In this final lecture in the Marker lecture series, I discuss the recent work of Bourgain, Gamburd, and Sarnak on how arithmetic combinatorics and expander graphs were used to sieve for almost primes in various algebraic sets.

In previous lectures, we considered the problem of detecting tuples of primes in various linear or convex sets; in particular, we considered the size of sets of the form $V \cap {\mathcal P}^k$, where ${\mathcal P} = \{2,3,5,\ldots\}$ is the set of primes, and V is some affine subspace of ${\Bbb R}^k$.  (For instance, the twin prime conjecture would correspond to the case when k=2 and $V = \{ (x,x+2): x \in {\Bbb R}\}$, while the Green-Tao theorem would correspond to the case $V = \{ (x,x+r,\ldots,x+(k-1)r): x,r \in {\Bbb R}\}$.  We refer to elements of ${\mathcal P}^k$ as prime points.  The prime tuples conjecture implies the following qualitative criterion for when such a set of prime points should be “large”:

Qualitative prime tuples conjecture. Let V be an affine subspace of ${\Bbb R}^k$.  Suppose that

1. (No obstructions at infinity)  For any N, $V \cap {\Bbb Z}_{>N}^k$ affinely spans all of V, where ${\Bbb Z}_{>N} := \{ n \in {\Bbb Z}: n > N \}$.  (In particular, $V \cap {\Bbb Z}_{>N}^k$ is non-empty.)
2. (No obstructions at q)  For any $q > 1$, $V \cap ({\Bbb Z}_q^*)^k$ affinely spans all of V, where ${\Bbb Z}_q^* := \{ n \in {\Bbb Z}: (n,q) = 1 \}$.  (In particular,$V \cap ({\Bbb Z}_q^*)^k$ is non-empty.)

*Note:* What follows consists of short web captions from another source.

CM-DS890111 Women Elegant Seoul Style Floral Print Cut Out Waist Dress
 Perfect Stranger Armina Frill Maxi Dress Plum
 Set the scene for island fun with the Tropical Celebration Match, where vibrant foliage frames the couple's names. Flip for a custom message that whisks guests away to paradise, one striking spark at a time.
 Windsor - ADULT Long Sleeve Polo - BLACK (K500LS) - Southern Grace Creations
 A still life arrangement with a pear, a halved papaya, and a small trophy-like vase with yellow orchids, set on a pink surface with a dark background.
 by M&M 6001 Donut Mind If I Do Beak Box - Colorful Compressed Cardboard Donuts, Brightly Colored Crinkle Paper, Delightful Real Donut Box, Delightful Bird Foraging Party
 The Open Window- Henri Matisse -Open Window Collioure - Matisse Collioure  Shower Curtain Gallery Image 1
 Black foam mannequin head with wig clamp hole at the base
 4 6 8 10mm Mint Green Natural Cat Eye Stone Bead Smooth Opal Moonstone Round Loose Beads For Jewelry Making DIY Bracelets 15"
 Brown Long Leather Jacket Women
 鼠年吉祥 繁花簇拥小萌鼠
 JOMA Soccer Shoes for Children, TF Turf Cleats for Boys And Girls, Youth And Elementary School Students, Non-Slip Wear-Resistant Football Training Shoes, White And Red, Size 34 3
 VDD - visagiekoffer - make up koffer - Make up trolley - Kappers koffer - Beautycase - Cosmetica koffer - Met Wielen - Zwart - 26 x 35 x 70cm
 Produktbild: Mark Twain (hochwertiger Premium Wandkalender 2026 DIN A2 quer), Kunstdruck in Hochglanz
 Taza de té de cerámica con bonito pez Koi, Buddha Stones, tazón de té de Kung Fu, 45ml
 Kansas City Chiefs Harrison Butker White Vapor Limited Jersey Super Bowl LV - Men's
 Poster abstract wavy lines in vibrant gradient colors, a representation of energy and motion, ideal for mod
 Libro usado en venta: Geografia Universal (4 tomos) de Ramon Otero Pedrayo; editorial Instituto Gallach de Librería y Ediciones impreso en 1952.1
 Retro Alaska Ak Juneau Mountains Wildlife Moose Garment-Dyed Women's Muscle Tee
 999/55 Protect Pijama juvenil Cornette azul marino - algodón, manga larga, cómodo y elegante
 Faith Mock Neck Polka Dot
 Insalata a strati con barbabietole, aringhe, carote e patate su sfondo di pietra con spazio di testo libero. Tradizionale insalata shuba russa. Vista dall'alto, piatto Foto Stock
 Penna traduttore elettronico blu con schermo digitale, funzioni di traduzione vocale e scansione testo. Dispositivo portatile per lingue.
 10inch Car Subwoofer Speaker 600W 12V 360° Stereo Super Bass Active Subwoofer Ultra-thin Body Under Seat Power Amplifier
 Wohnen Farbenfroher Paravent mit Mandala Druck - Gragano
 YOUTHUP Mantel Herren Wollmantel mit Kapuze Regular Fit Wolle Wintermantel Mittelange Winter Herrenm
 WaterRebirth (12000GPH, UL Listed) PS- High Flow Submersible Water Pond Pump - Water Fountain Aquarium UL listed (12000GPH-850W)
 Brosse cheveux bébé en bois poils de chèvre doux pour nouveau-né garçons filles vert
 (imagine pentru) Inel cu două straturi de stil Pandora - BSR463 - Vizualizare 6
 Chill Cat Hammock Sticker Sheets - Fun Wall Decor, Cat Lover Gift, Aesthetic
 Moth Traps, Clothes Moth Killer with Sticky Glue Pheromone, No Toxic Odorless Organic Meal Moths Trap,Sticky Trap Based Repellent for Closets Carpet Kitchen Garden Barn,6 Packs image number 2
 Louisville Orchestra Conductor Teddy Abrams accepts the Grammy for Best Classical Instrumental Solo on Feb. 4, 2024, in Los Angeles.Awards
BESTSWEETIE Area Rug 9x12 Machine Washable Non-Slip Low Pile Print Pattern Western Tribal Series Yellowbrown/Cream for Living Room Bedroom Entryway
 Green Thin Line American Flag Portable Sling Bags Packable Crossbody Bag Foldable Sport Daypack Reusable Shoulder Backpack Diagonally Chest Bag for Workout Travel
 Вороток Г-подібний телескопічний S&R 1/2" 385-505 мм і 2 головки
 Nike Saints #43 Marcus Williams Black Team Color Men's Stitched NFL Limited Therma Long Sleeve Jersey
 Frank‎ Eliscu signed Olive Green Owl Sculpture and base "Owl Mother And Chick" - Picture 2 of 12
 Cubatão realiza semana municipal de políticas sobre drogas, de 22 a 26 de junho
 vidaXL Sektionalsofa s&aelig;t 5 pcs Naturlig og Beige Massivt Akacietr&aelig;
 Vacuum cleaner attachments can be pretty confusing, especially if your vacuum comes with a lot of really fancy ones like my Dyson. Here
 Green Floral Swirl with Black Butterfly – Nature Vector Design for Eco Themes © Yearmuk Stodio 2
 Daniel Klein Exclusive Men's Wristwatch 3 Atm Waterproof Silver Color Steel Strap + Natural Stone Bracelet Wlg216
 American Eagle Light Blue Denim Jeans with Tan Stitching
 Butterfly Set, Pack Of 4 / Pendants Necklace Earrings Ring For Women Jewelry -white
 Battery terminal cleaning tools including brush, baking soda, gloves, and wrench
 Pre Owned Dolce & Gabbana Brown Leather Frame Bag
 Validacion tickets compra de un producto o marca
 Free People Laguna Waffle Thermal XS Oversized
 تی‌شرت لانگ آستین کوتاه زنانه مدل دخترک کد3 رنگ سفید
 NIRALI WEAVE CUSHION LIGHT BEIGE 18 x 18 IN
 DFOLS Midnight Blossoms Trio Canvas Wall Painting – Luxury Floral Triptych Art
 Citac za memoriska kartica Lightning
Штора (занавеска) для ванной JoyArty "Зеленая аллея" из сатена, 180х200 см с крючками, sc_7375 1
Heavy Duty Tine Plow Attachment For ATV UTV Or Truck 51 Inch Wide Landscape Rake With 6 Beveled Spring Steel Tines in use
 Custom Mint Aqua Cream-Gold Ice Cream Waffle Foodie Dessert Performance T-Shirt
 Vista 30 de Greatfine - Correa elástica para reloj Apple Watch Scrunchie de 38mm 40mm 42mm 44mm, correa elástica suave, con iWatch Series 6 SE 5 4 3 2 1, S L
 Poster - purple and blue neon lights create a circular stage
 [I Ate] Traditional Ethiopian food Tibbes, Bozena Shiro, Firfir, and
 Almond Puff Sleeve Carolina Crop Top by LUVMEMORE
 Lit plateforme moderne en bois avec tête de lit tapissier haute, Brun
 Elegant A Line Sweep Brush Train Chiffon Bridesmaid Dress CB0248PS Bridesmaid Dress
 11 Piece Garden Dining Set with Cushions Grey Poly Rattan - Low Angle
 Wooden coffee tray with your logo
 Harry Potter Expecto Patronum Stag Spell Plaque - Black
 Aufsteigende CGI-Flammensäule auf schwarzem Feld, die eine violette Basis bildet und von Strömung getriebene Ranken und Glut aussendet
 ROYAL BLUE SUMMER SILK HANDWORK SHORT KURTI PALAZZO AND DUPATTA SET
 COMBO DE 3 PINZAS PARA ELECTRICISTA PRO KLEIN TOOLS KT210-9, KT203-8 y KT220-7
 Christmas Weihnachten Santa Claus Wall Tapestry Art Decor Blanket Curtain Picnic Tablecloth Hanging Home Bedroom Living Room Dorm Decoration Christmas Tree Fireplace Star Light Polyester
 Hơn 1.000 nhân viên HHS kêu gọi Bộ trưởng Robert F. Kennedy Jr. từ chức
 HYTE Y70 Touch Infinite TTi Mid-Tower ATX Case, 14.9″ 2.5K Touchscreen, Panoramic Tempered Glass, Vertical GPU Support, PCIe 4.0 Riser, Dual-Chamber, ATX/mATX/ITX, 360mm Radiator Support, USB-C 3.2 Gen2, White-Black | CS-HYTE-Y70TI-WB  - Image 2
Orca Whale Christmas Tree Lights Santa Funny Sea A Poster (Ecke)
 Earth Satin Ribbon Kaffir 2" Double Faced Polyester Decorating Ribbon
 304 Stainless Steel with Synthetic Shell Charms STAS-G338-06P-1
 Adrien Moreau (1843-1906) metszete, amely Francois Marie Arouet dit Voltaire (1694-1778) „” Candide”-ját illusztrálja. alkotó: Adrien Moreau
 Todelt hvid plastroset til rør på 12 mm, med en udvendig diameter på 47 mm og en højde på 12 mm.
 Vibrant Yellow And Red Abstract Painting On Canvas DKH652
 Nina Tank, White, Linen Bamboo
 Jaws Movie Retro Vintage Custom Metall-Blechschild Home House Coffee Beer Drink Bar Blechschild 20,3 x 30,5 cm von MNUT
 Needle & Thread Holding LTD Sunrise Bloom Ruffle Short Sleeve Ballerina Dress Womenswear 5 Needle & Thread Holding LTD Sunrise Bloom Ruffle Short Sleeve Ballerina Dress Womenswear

Then $V \cap {\mathcal P}^k$ affinely spans all of V.  (In particular, V contains at least one prime point.)

Both of the hypotheses in this conjecture are easily verified for any given V, the first by (integer) linear programming and the second by modular arithmetic.  This conjecture would imply several other results and conjectures in number theory, including the twin prime conjecture and the Green-Tao theorem.  Needless to say, it remains open in general (though the results mentioned in the previous lecture give partial results in the case when V is at least two-dimensional and non-degenerate).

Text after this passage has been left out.